According to Karamba, the US Assistant Attorney General for National Security had released a report that stated that connected cars will be the next battlefield. Gartner predicts that this segment will represent 250 million vehicles on the road by 2020. Karamba claims that connected cars have hundreds to thousands of hidden security bugs that hackers can exploit to infiltrate the vehicle, take control and compromise its safe operation.
“The risks to connected cars are real. Karamba Security’s automated sealing approach offers the automotive industry a tool to immediately detect and prevent cyberattacks that exploit software bugs in the code of connected cars. Thus, drivers can be confident they will always be in complete control over their vehicles, and manufacturers learn more about the frequency and nature of such attacks,” says Richard Wallace, Director, Transportation Systems Analysis, Center for Automotive Research.

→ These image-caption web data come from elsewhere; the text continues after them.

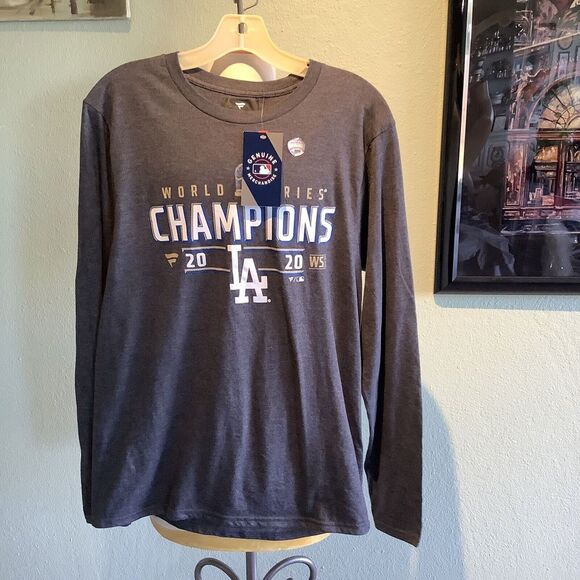 New LA Dodgers World Series Champions 2020 Long Sleeve T Shirt Size S - Picture 1 of 3
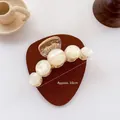 10cm large hair claw clip with 5 arched champagne pearls on a minimalist metal frame - Pearlescent Ball Claw / Mermaid Pearlescent (Approx 10cm)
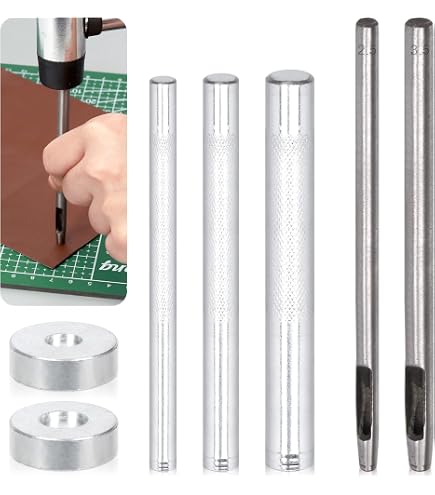 JONMON 11-Piece Snap Rivet Setter Kit – Die Punch & Snap Installation Tool With 2.5/3mm Hole Punches, 7-in-1 Base, Anvil, For Leather Craft DIY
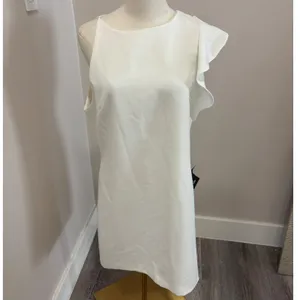 Lulus White Asymmetrical Ruffle Sleeve Shift Mini Dress XL Bridal Graduation thumbnail 4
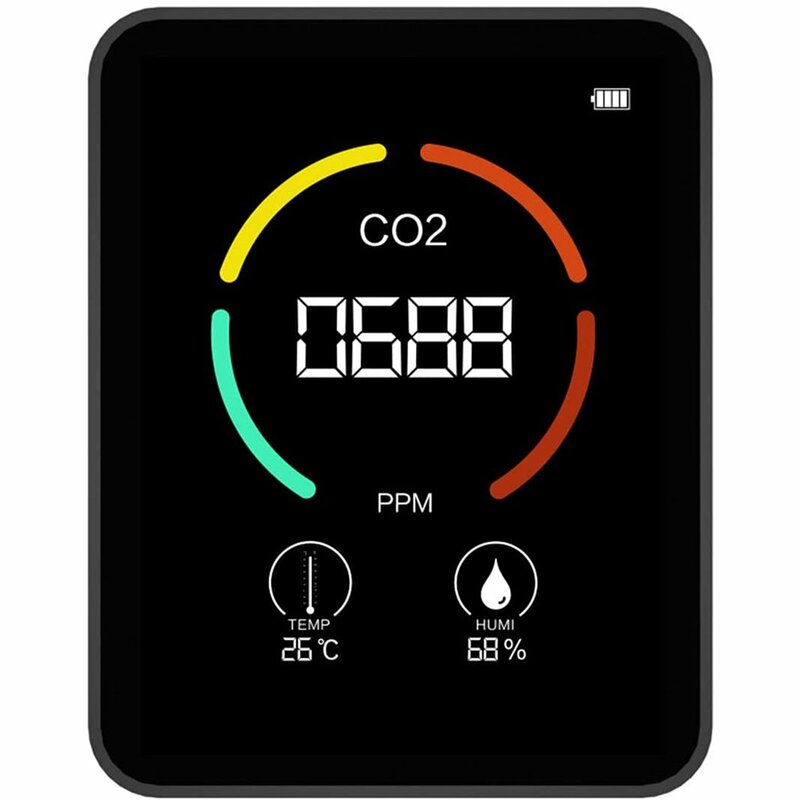 شاشات مراقبة ثاني أكسيد الكربون بجودة الهواء مع جهاز استشعار درجة الحرارة ، أداة تلوث مدمجة ، 3 في 1 ، مقياس الرطوبة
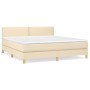 Cama box spring con colchón tela color crema 180x200 cm de , Camas y somieres - Ref: Foro24-3140558, Precio: 534,93 €, Descue...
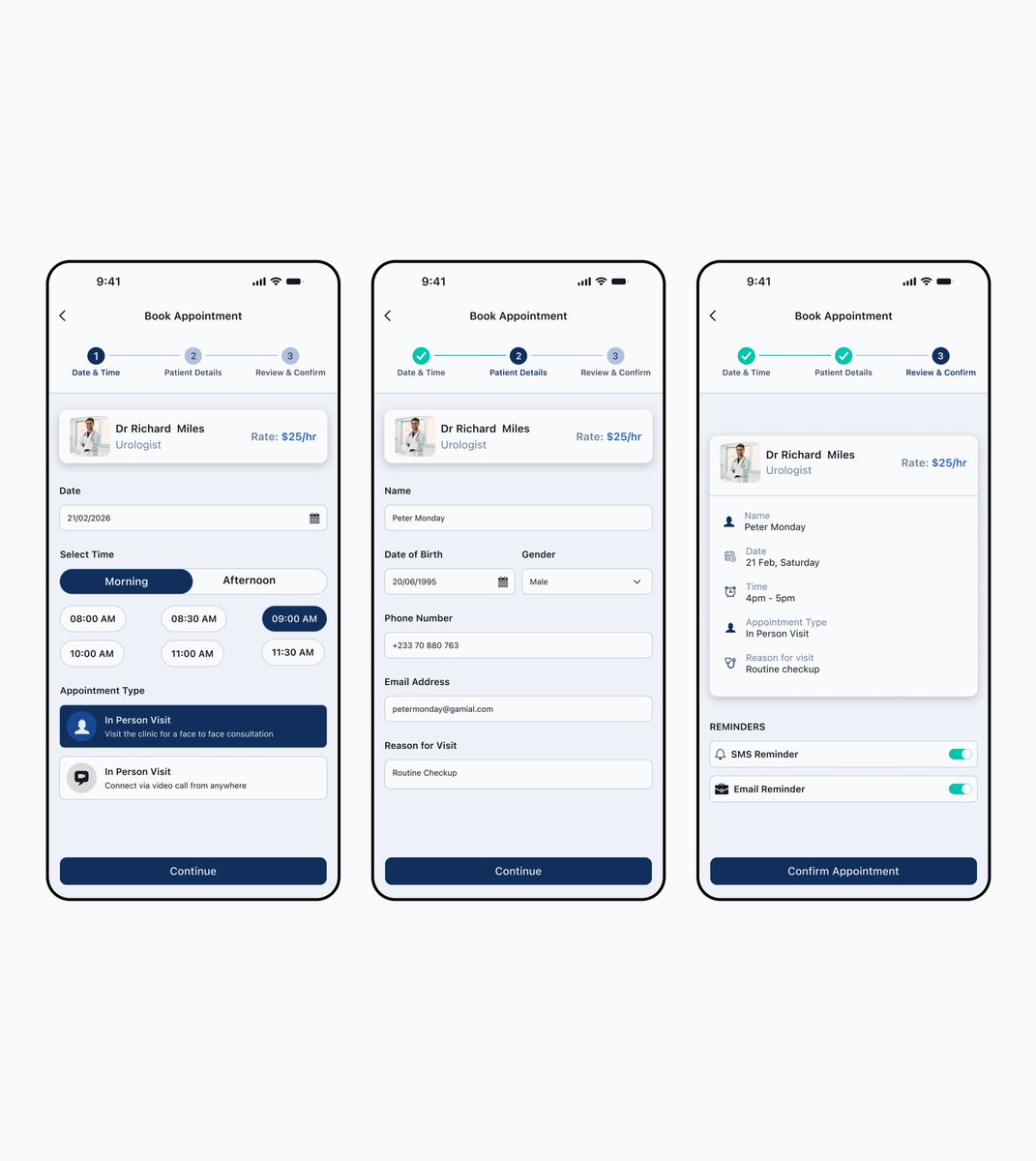 FortuneUIUX's tweet photo. Users don’t abandon booking flows.
They abandon overwhelm.
For Medico+, I used progressive disclosure to reduce cognitive load and improve Completion

Good UX removes friction. 

Open to product design roles &amp; collaborations.
#ProductDesigner #UXStrategy #HealthTech #healthcare https://t.co/LnOvqkBpEu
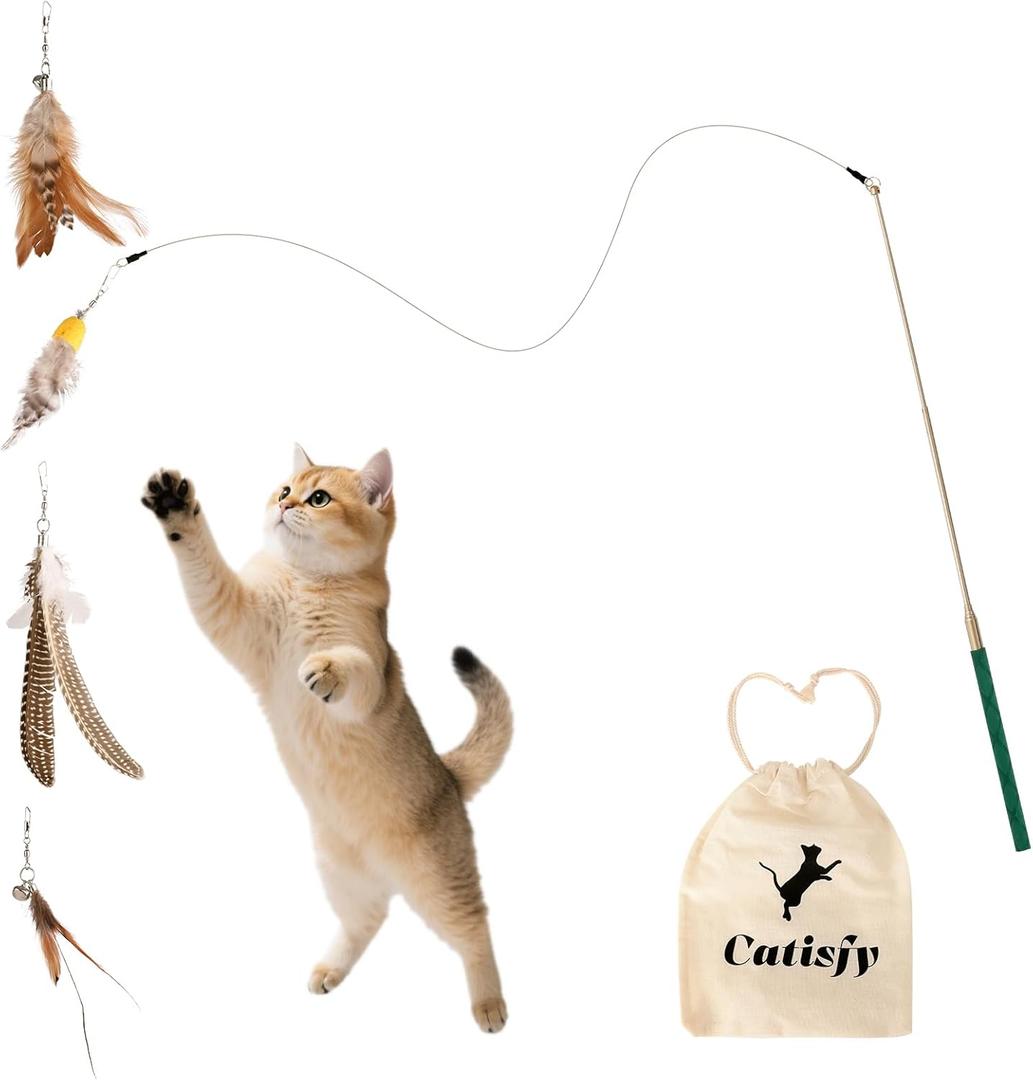 Cat Wand Toy  Retractable Wand with 4 Feather Toy Refills for Indoor Cat Enrichment, Interactive Toy for Bored Adult Cats and High-Energy Kittens (FlutterFlick Series)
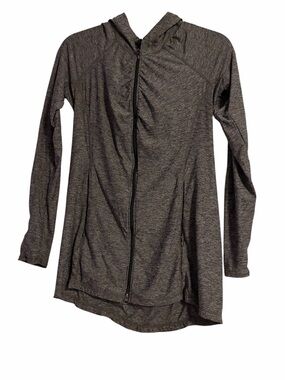 Athleta Heathered Gray Vitamin Sea Full Zip Hooded Cover-Up - Size M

How does Karamba Carwall software work?
Karamba’s patent-pending software seals the car’s ECUs by automatically creating security policies, based on factory settings. In real time, Carwall detects and prevents anything not explicitly allowed to load or run on the ECU, including in-memory attacks. Karamba claims of no ambiguity and no false alarms, detecting and preventing attackers, who try to exploit vulnerabilities and get into the car’s network.
“Karamba’s Carwall enables car manufacturers to immediately address security bugs in existing or new code and eliminate an attacker’s way into a connected car. We give car manufacturers and Tier 1 system developers the tools to detect and seal their code against exploits and detect and stop attackers before they can ever get started,” says Ami Dotan, CEO, Karamba Security.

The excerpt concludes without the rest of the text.